# Why a muzzy?



## Bax* (Dec 14, 2008)

I have always been intrigued by muzzleloaders, but have never owned one. I have always thought it woud be neat to own an old school flint lock style rifle, but just never have been able to justify buying one. 

I am just curious about what attracted you to using a muzzleloader versus a cartridge firing rifle? Is it the challenge? Do you like the "classical" feel of it all? Or is there something else that appeals to you over a "conventional" (and I use that term loosely) rifle?

I am not bringing this topic up as something to debate about why one way of hunting versus another is silly, I just wonder what the real attraction is nowadays.


----------



## TCSSPRO204 (Sep 27, 2008)

Less people! That is why i started then it became fun and more of a challenge! :mrgreen:


----------



## lehi (Sep 13, 2007)

I personally prefer them because of their superior ballistics and rapid fire. :lol: :wink: 

Yeah I guess its a challenge. There seems to be less people than rifle or archery. (maybe im wrong)


----------



## Nor-tah (Dec 16, 2007)

TCSSPRO204 said:


> Less people! That is why i started then it became fun and more of a challenge! :mrgreen:


+1


----------



## ridgetop (Sep 13, 2007)

I agree with the less people part too and time of year. Most of the fall colors are hitting their peak during the muzzy hunt. I loved it in November but still like the September hunt alot.


----------



## lunkerhunter2 (Nov 3, 2007)

ridgetop said:


> I agree with the less people part too and time of year. Most of the fall colors are hitting their peak during the muzzy hunt. I loved it in November but still like the September hunt alot.


+1


----------



## xxxxxxBirdDogger (Mar 7, 2008)

Fewer people, more challenge, and the bow hunt kind of got ruined for me when I started teaching. The start of school for teachers and the start of the bow season always seem to coincide. It was too hectic trying to get ready for the school year and plan/fit in a hunt at the same time.

Convenience was the initial attraction. Now I like finding the right load for the guns and the challenge of shooting a tight pattern with only open sights. At 100 yards I'm tighter with my open sighted Knight than with my scoped .270 or 30-06.


----------



## TLB (Jul 13, 2008)

1+ on less people, and the weather and scenery is spectacular. I then discovered I absoulutely loved shooting a muzzleloader. I keep my load pretty mild, and so the shooting and hunting is a pleasure.


----------



## Huntoholic (Sep 17, 2008)

When I started hunting with a muzzleloader you could buy 3 deer permits (1 tag only) and hunt archery, rifle, and muzzleloader. Simply more time in the field (I miss those days). Then they made you choose your weapon. My father likes his rifle and I felt it more important to be with him, so I hunt deer with him and my brothers with a rifle. I'm alot more selective on the deer that I take now. I don't feel comfortable hunting elk with a bow, so I hunt elk with a muzzy. At the time you could get a tag to hunt either sex. Reading peoples complaints about crowding, makes me thankful I do hunt elk with a muzzy. Yes it is cold, but for the most part I see a few people is all. The bad part is, it is after everybody else and on the spike units they are pretty much gone. Last year was great because of the bad weather in October. A lot more spikes carried through. In the area that I was in there was a total of 5 hunters.

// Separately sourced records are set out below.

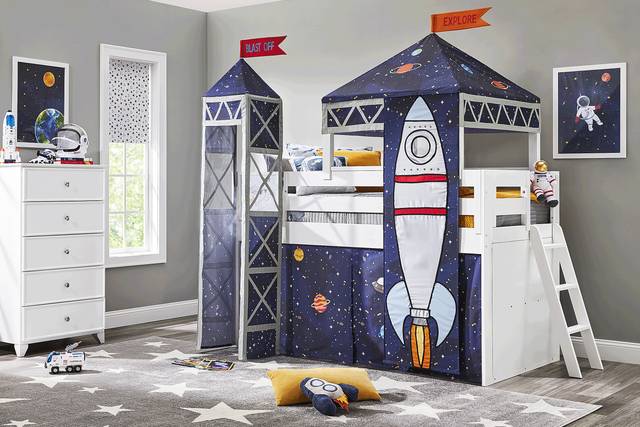 Kids Blast Off White Twin Loft Bed with Activity Panel, Tower and Tent - Thumbnail - Image 2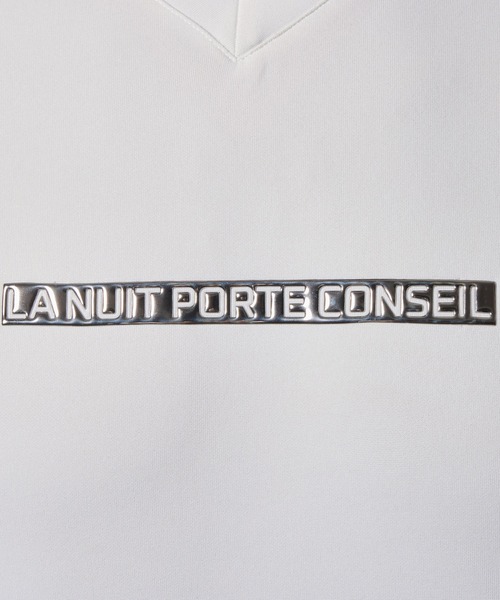 HIDEAWAYS NICOLE(ハイダウェイニコル)の「【WEB限定】メタルジェルプリントVネックプルオーバー(Tシャツ/カットソー・メンズ・ブラック/オフホワイト/チャコールグレー/ボルドー・MEDIUM/LARGE/X-LARGE)」の6枚目の写真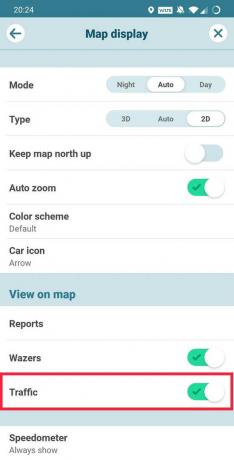 გადადით Map Display-ზე და ჩართეთ Traffic განყოფილებაში View on map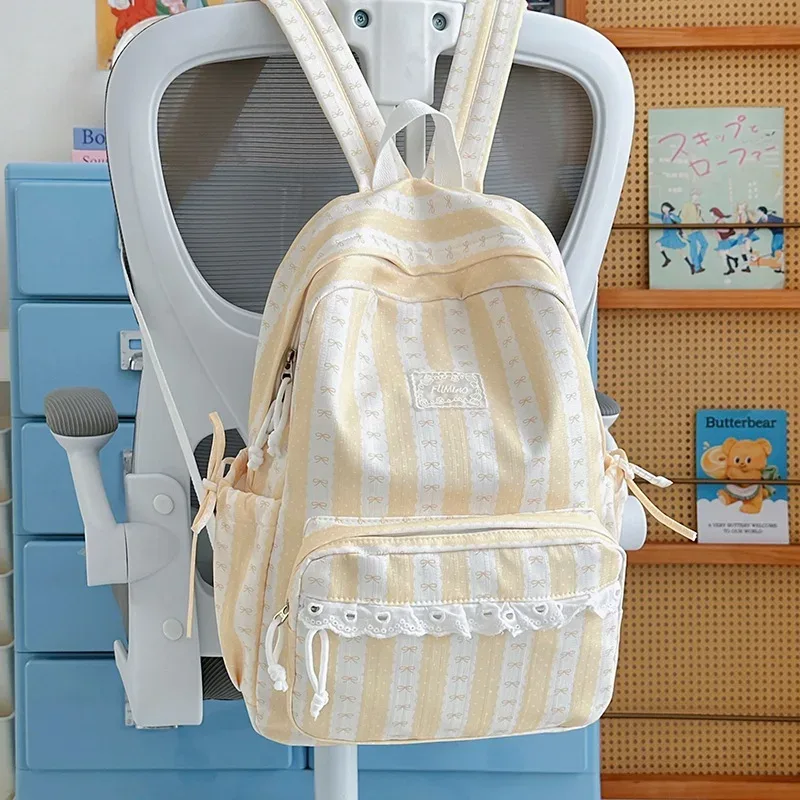 sac à dos à pois et rayures pour étudiants, mochila commuter, mochilas mujer, sacs à dos grande capacité, sac à dos en dentelle pour adolescentes, bolsas feminina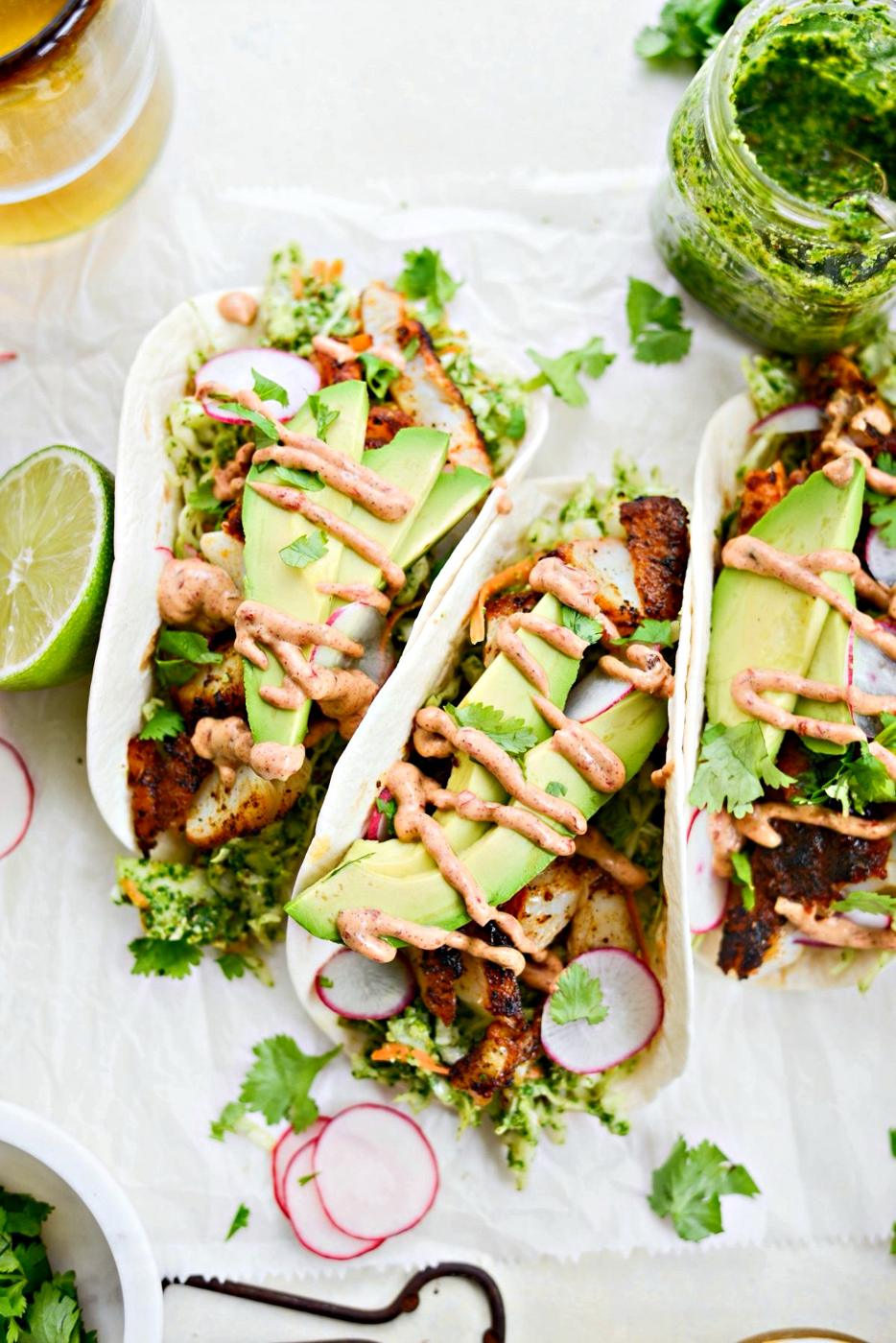 Cilantro Pesto Slaw Blackened Fish Tacos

PS: I love the smell of that powder on a cold November morning.


----------



## prettytiedup (Dec 19, 2007)

I started to muzzle load hunt back in 1990 when the hunt opened the first Saturday in November. Loved that season and because the phesant hunt opened the same weekend most of the time I had the whole mountain to myself. Shot a T/C Hawkin rifle back then. And yes, for like 10 bucks you could buy the muzzy permit if you already had a deer tag. After they moved the hunt to September I bounced back and forth between rifle and muzzle loader until I joined the dedicated hunter program a few years ago.


----------



## DallanC (Jan 13, 2009)

I started back when you could buy 2 buck deer tags (archery & rifle), muzzle-loader was an extension of your rifle tag allowing you to hunt another 9 days after the rifle hunt ended. I loved the Nov hunting in the snow... nothing like hunting in a blizzard that close to the rut.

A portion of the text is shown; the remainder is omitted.